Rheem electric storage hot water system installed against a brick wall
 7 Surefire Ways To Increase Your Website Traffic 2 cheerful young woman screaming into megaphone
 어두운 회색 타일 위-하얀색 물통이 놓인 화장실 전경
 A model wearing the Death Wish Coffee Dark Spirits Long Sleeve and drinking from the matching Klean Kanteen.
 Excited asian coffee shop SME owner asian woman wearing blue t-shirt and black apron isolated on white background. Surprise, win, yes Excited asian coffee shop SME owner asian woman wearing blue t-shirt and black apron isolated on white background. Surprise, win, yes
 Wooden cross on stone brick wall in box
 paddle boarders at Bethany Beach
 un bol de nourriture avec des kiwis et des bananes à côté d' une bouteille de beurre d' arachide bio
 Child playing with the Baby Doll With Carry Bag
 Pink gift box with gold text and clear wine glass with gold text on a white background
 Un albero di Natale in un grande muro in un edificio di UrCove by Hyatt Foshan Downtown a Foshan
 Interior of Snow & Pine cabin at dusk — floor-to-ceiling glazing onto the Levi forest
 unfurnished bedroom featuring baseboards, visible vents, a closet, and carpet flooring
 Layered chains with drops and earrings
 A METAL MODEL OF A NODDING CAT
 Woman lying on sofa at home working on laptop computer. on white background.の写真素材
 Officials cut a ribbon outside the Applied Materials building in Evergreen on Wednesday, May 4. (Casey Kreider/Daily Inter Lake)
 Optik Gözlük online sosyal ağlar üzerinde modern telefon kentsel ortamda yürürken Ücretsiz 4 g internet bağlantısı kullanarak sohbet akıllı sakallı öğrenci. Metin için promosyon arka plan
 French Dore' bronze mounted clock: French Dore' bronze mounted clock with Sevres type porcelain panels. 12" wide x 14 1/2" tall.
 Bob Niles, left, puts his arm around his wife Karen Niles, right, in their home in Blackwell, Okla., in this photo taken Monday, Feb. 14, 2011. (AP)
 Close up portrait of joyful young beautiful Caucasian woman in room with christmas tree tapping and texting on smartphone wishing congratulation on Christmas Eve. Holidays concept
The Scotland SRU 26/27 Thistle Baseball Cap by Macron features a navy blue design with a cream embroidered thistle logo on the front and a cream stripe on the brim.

__Description of the task__.
Transcribe exactly the lines from the one containing "Un albero di" through the end of the records, both included, and nothing else.

__Task solution__.
 Un albero di Natale in un grande muro in un edificio di UrCove by Hyatt Foshan Downtown a Foshan
 Interior of Snow & Pine cabin at dusk — floor-to-ceiling glazing onto the Levi forest
 unfurnished bedroom featuring baseboards, visible vents, a closet, and carpet flooring
 Layered chains with drops and earrings
 A METAL MODEL OF A NODDING CAT
 Woman lying on sofa at home working on laptop computer. on white background.の写真素材
 Officials cut a ribbon outside the Applied Materials building in Evergreen on Wednesday, May 4. (Casey Kreider/Daily Inter Lake)
 Optik Gözlük online sosyal ağlar üzerinde modern telefon kentsel ortamda yürürken Ücretsiz 4 g internet bağlantısı kullanarak sohbet akıllı sakallı öğrenci. Metin için promosyon arka plan
 French Dore' bronze mounted clock: French Dore' bronze mounted clock with Sevres type porcelain panels. 12" wide x 14 1/2" tall.
 Bob Niles, left, puts his arm around his wife Karen Niles, right, in their home in Blackwell, Okla., in this photo taken Monday, Feb. 14, 2011. (AP)
 Close up portrait of joyful young beautiful Caucasian woman in room with christmas tree tapping and texting on smartphone wishing congratulation on Christmas Eve. Holidays concept
The Scotland SRU 26/27 Thistle Baseball Cap by Macron features a navy blue design with a cream embroidered thistle logo on the front and a cream stripe on the brim.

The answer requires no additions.